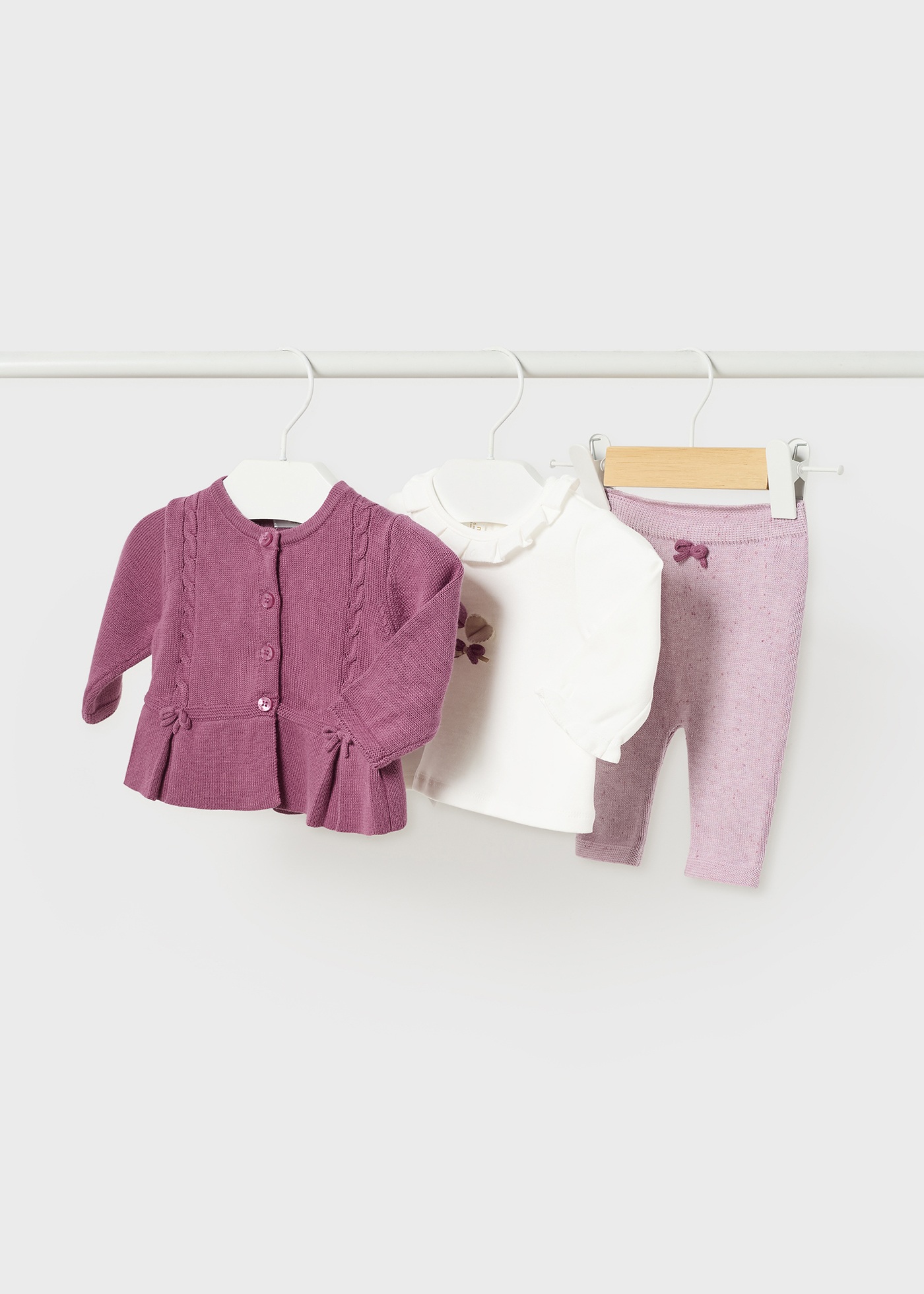 Conjunto de malha de algodão Better Cotton de 3 peças para recém-nascido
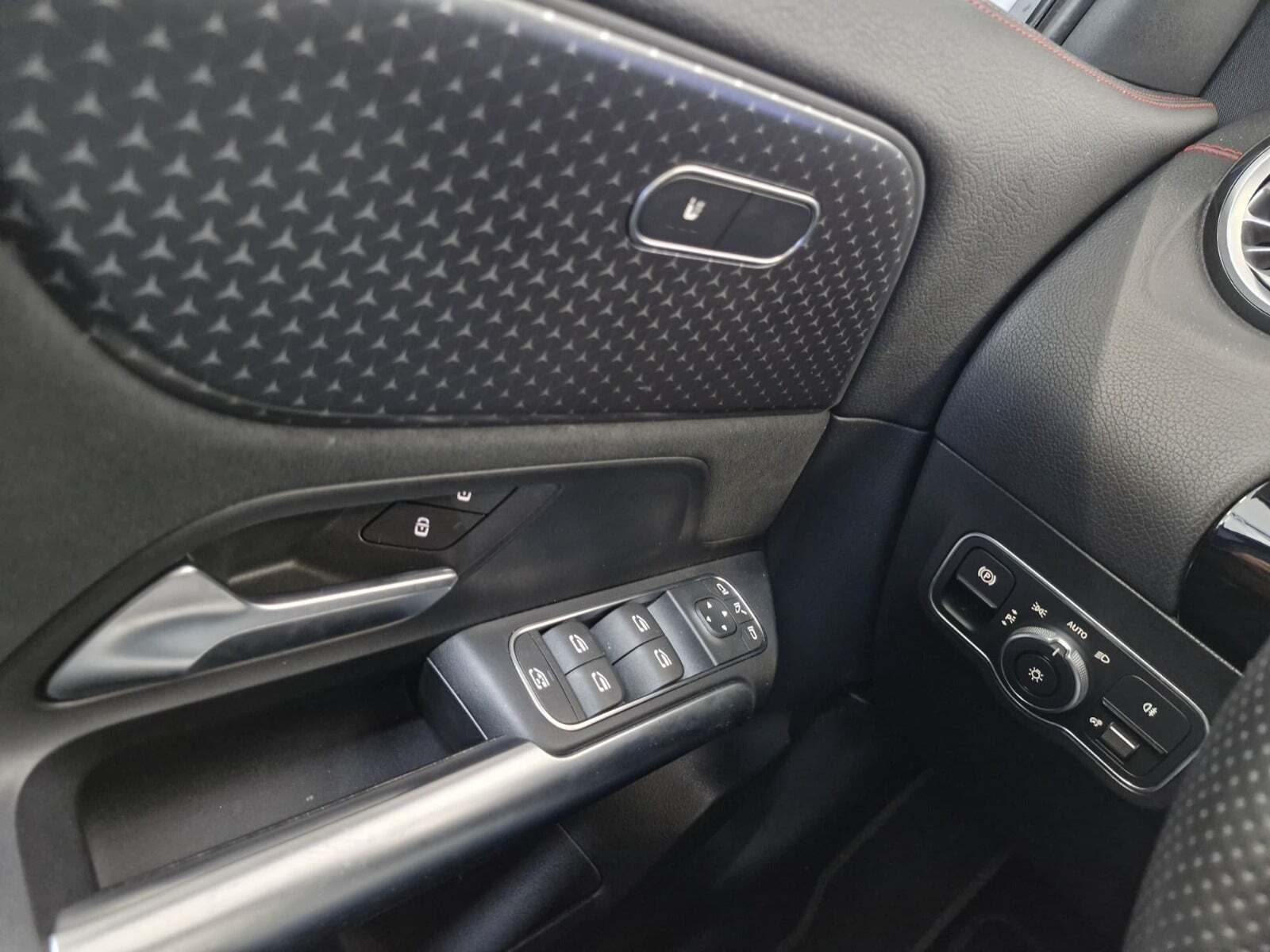 Blå Mercedes EQA250+ fra 2024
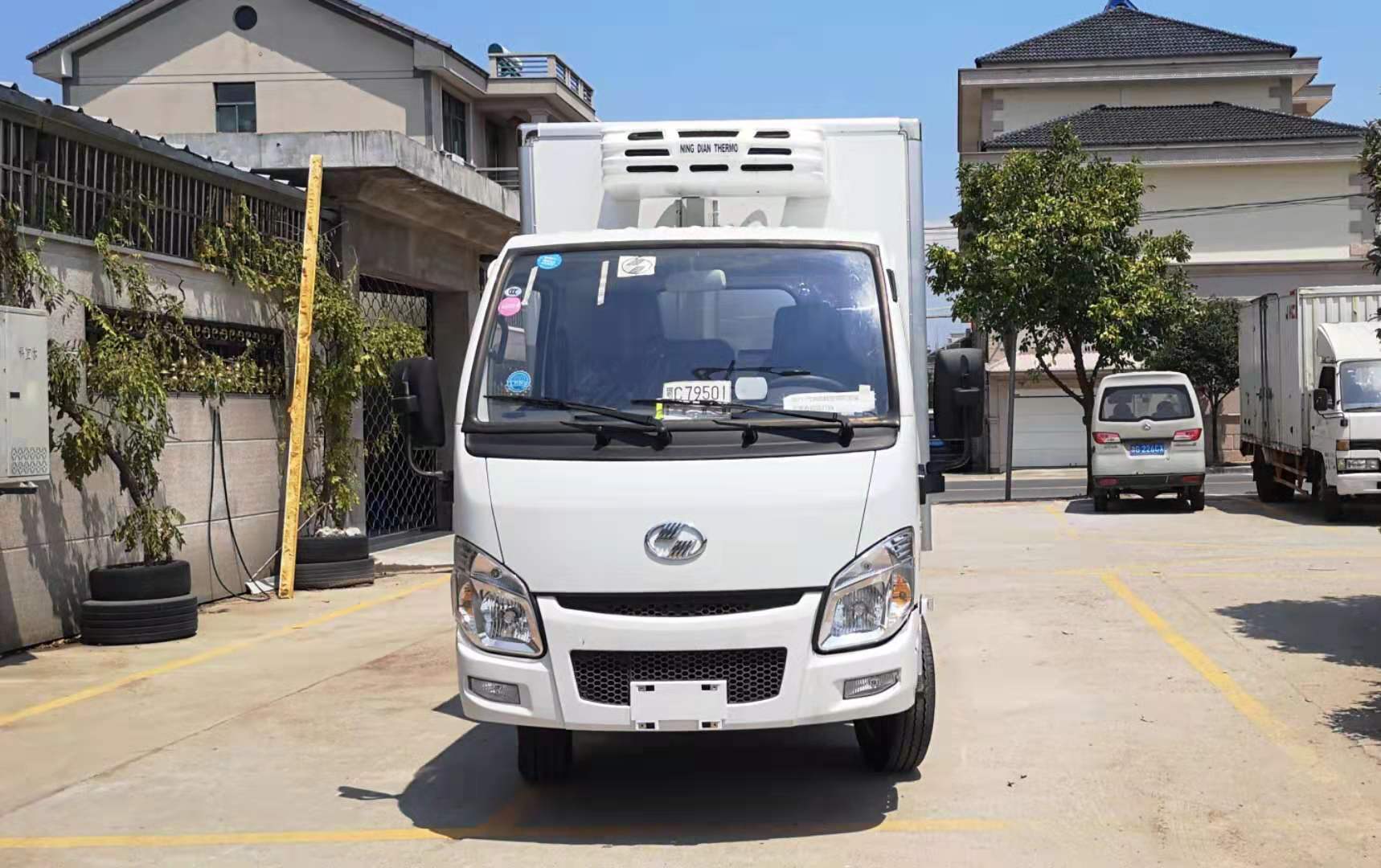 跃进货箱3.2米冷藏车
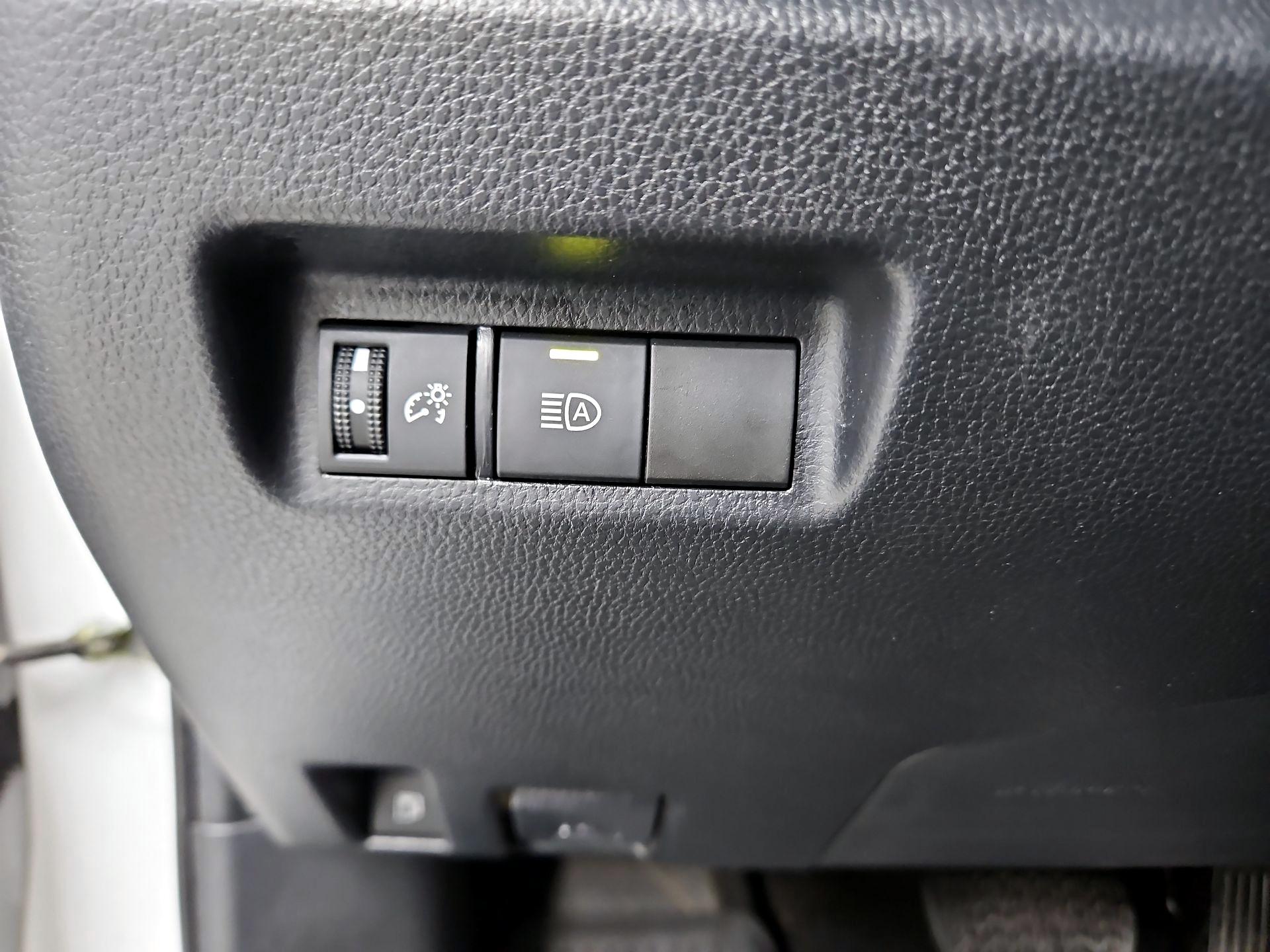 Thumbnail: 2022 Toyota RAV4 - 13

YOUR ASSIGNMENT: With the pictures removed, return the listing above in its exact original wording.

OUTPUT OF THE TASK:
 Conjunto de malha de algodão Better Cotton de 3 peças para recém-nascido
 Blå Mercedes EQA250+ fra 2024
 跃进货箱3.2米冷藏车
 Thumbnail: 2022 Toyota RAV4 - 13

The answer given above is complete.